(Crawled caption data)
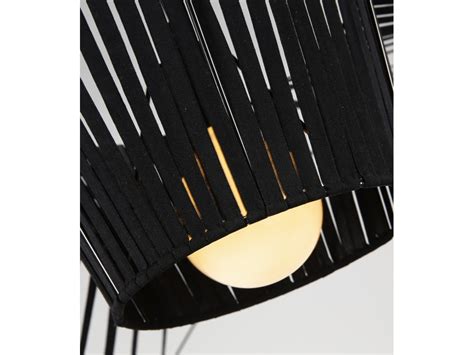 Lampa wisząca Sombrero czarna 200 cm Step into Design stylowy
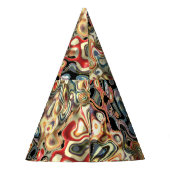 Abstracte Kunst Feesthoed Feesthoedjes (Achterkant)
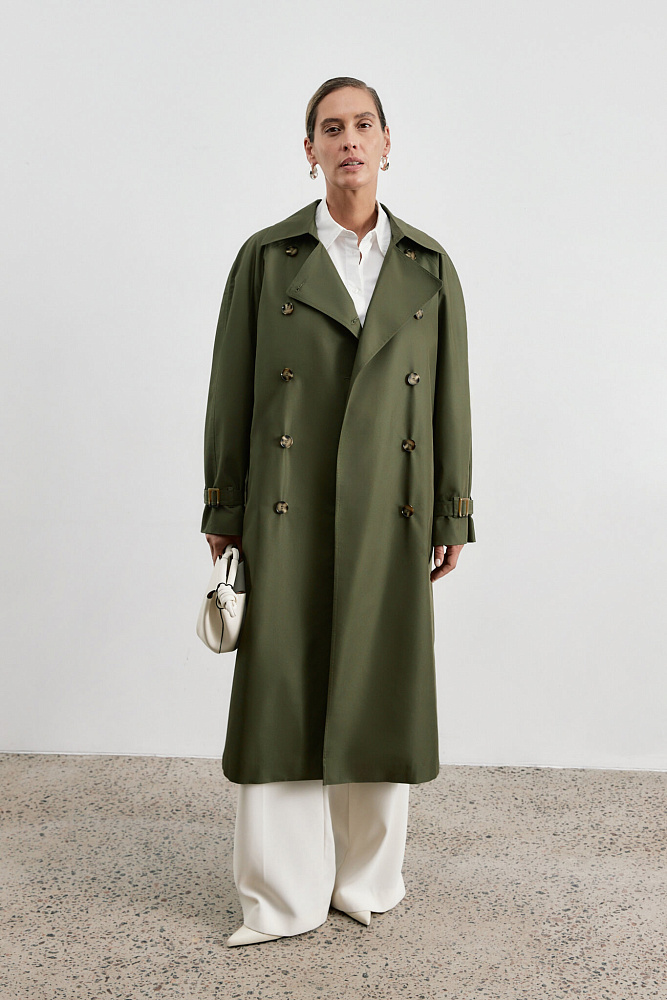 Тренч длинный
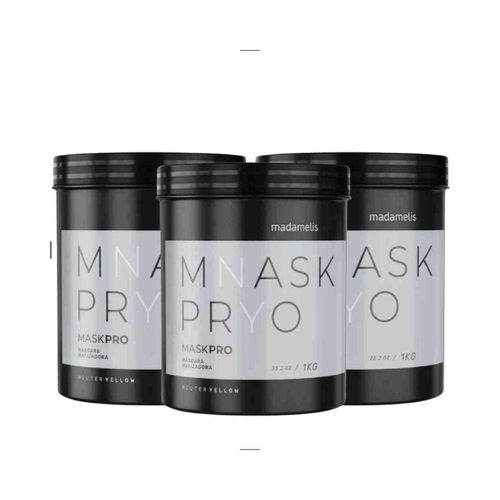 Madamelis Máscara Pro Matizadora Neuter Yellow (3 x 1 Kilo)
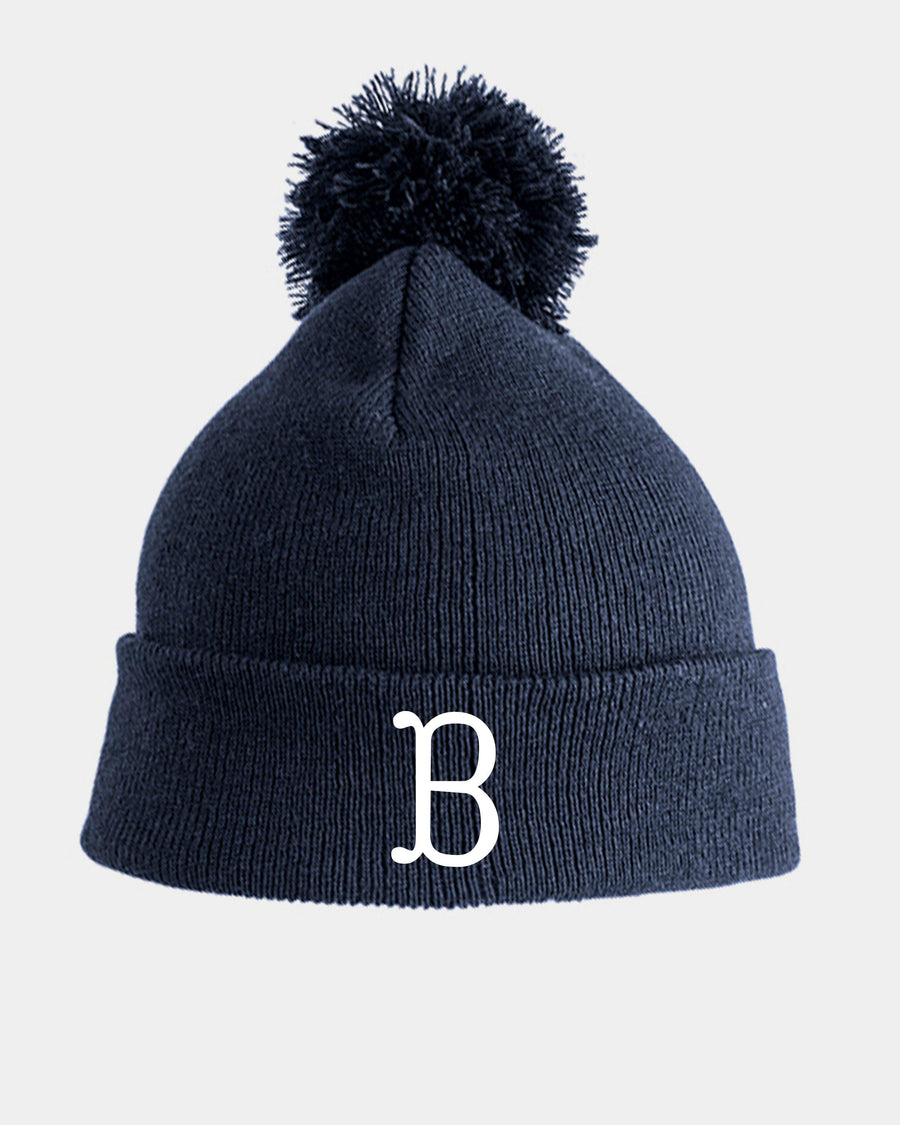 Diamond Pride Basic PomPom Beanie "Berlin Skylarks", B, navy blau-DIAMOND PRIDE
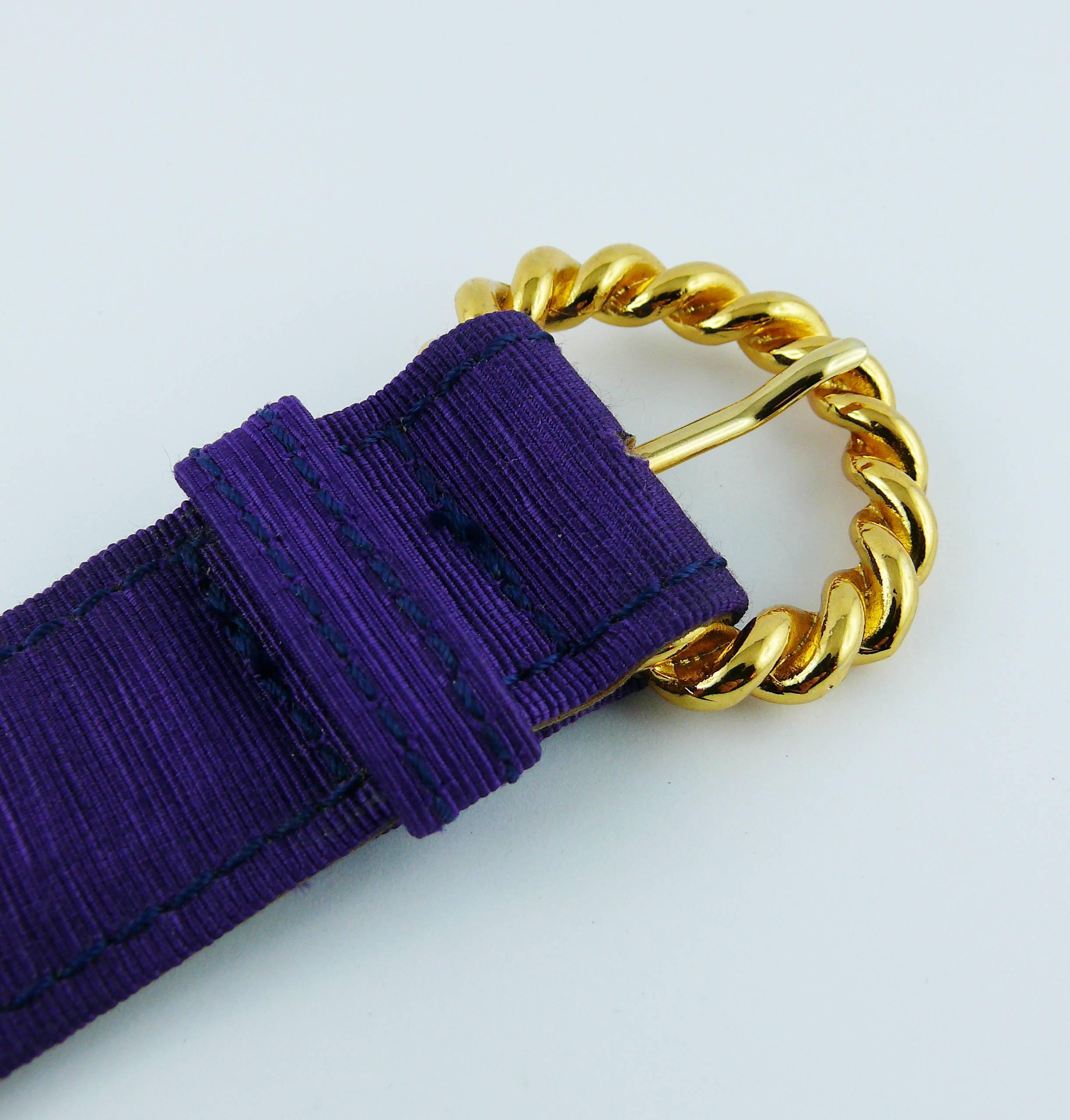 Edouard Rambaud Vintage Purple Belt Bag 1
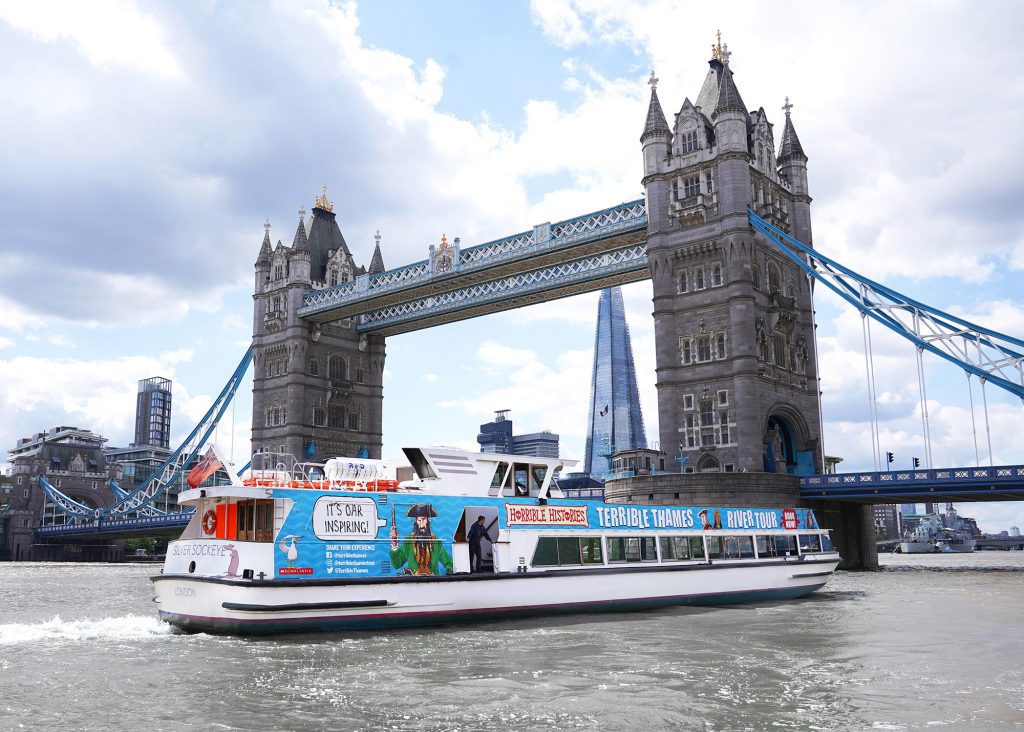 Horrible Histories Thames Tour - boat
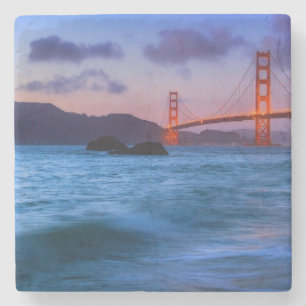 Na zonsondergang in Baker Beach Stenen Onderzetter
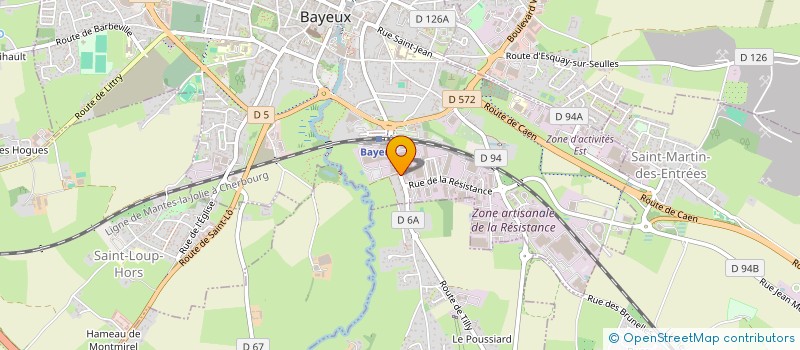 localisation de l'entreprise SELARL DU DOCTEUR GUILLAUME OGEREAU  BAYEUX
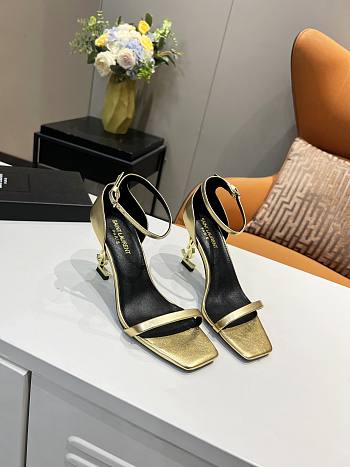 	 Bagsaaa YSL Opyum gold leather sandals 8.5cm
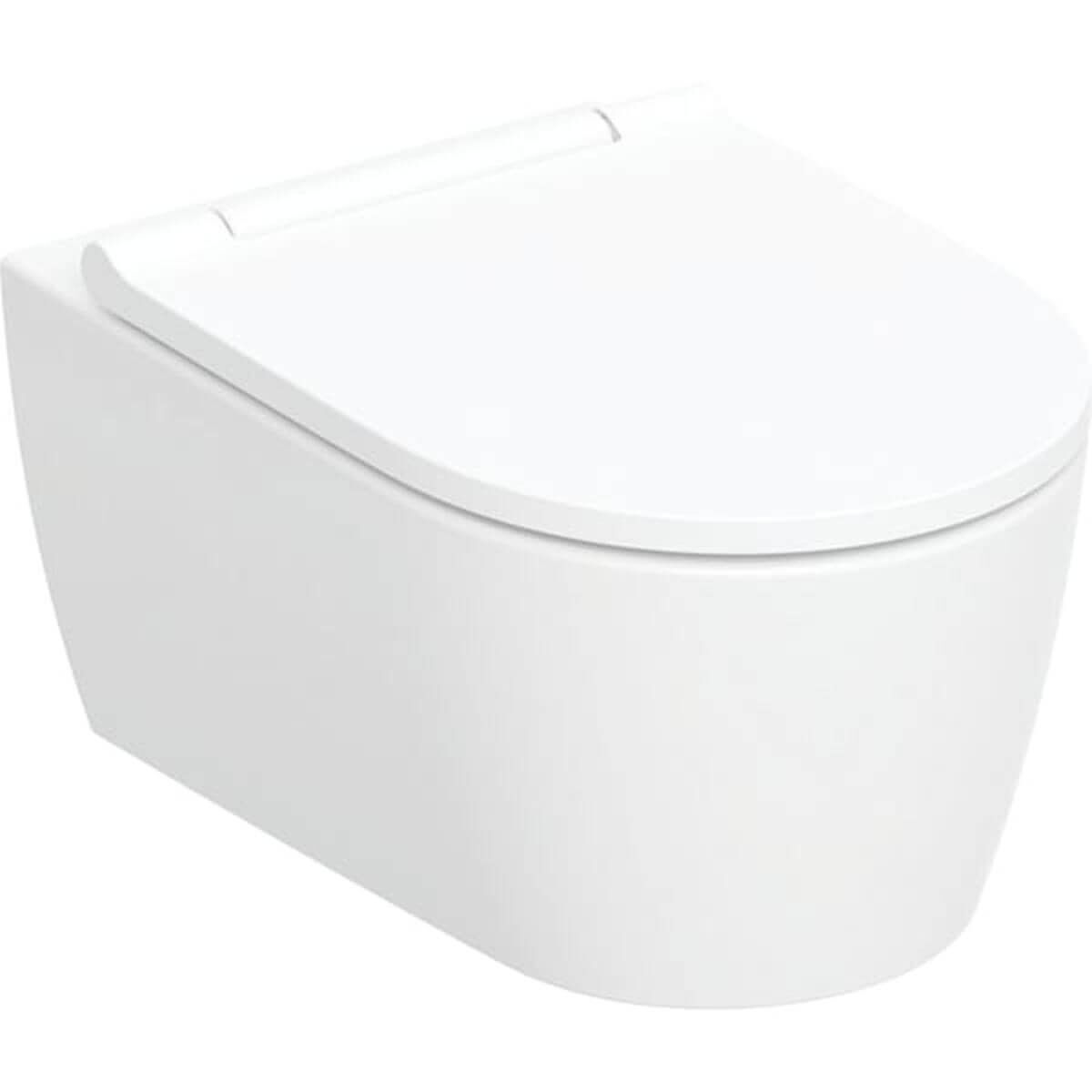Geberit Wand-Tiefspül-WC One mit WC-Sitz weiß/weiß Keratec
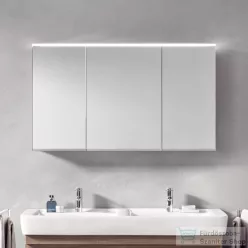   Geberit OPTION PLUS 120x70 cm-es 3 ajtós tükrös szekrény LED világítással,külső/belső tükörrel 500.592.00.1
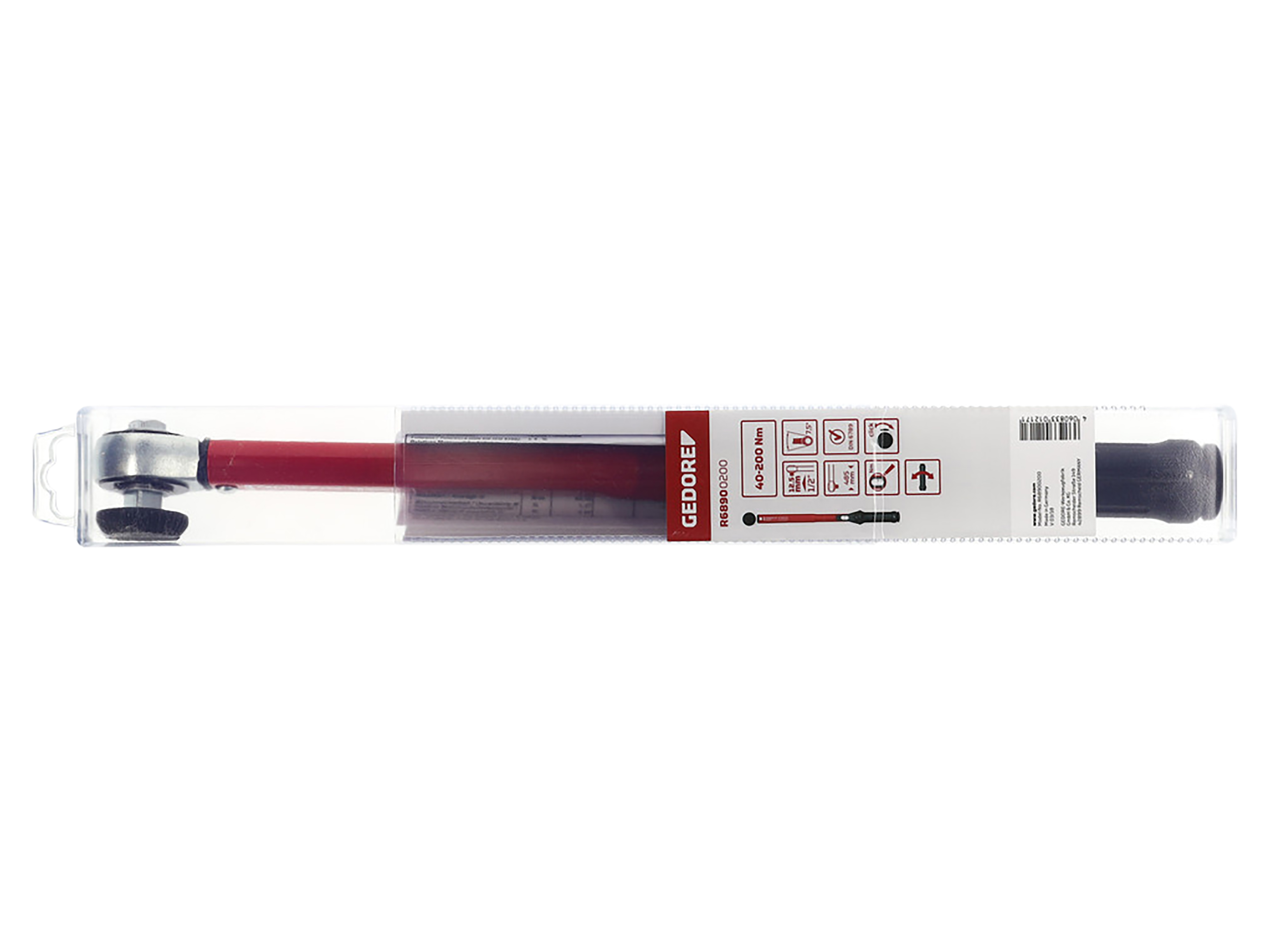 GEDORE RED Drehmomentschlüssel, R68900200, 1/2", 40-200 Nm GEDORE RED Drehmomentschlüssel, R68900200, 1/2", 40-200 Nm
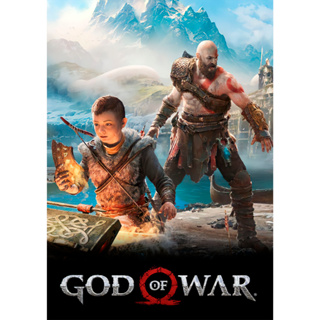 Quadro Decorativo God Of War Ragnarok 29x40 Com Moldura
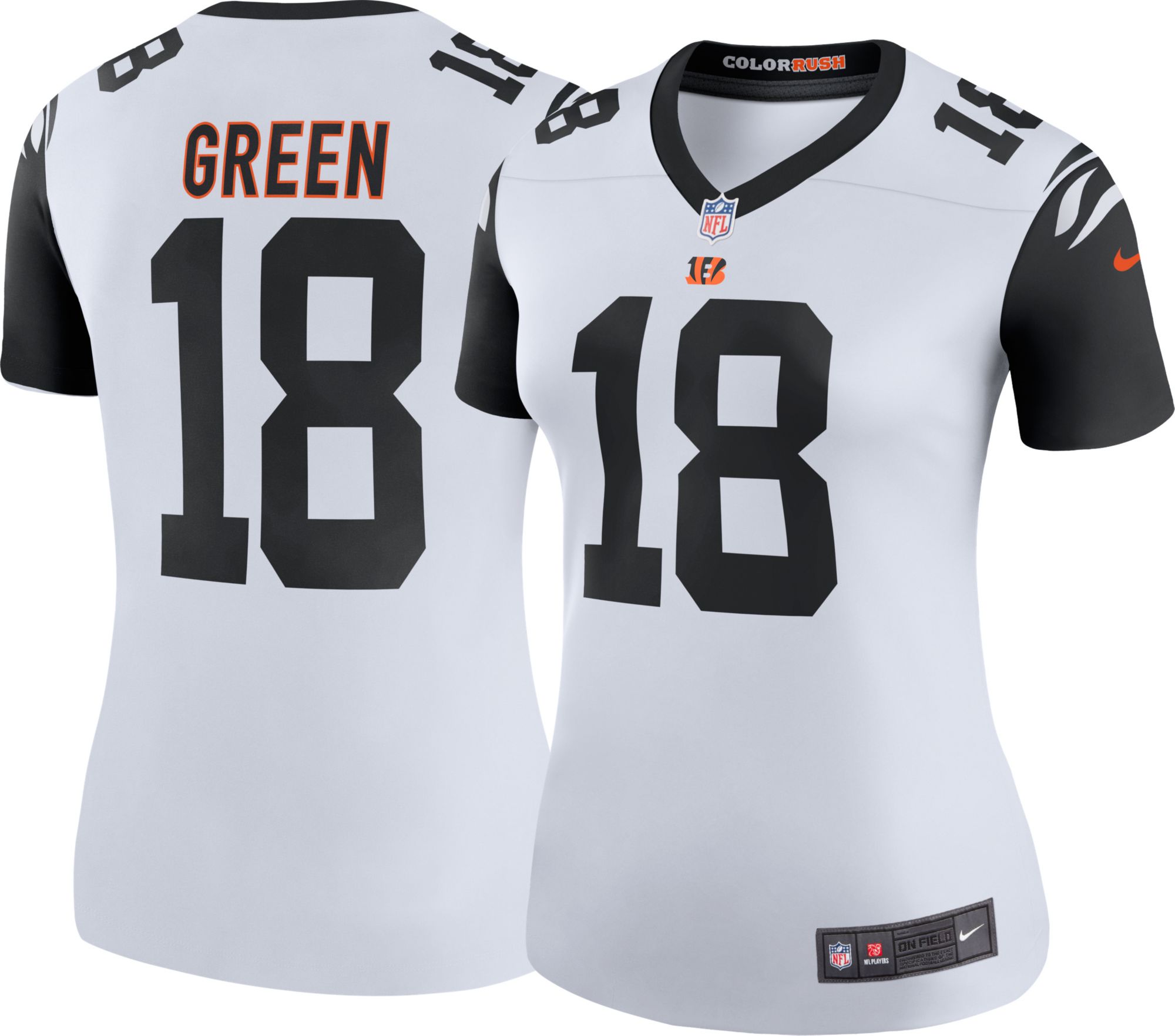 aj green color rush jersey youth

What you will do: Keep every word of the data as it is when you write it out, but drop the pictures.

The completed task:
 Lampa wisząca Sombrero czarna 200 cm Step into Design stylowy
 Abstracte Kunst Feesthoed Feesthoedjes (Achterkant)
 Тренч длинный
 Madamelis Máscara Pro Matizadora Neuter Yellow (3 x 1 Kilo)
 Diamond Pride Basic PomPom Beanie "Berlin Skylarks", B, navy blau-DIAMOND PRIDE
 Edouard Rambaud Vintage Purple Belt Bag 1
 Horrible Histories Thames Tour - boat
 Na zonsondergang in Baker Beach Stenen Onderzetter
 localisation de l'entreprise SELARL DU DOCTEUR GUILLAUME OGEREAU  BAYEUX
 	 Bagsaaa YSL Opyum gold leather sandals 8.5cm
Geberit Wand-Tiefspül-WC One mit WC-Sitz weiß/weiß Keratec
   Geberit OPTION PLUS 120x70 cm-es 3 ajtós tükrös szekrény LED világítással,külső/belső tükörrel 500.592.00.1
 GEDORE RED Drehmomentschlüssel, R68900200, 1/2", 40-200 Nm GEDORE RED Drehmomentschlüssel, R68900200, 1/2", 40-200 Nm
 Quadro Decorativo God Of War Ragnarok 29x40 Com Moldura
 aj green color rush jersey youth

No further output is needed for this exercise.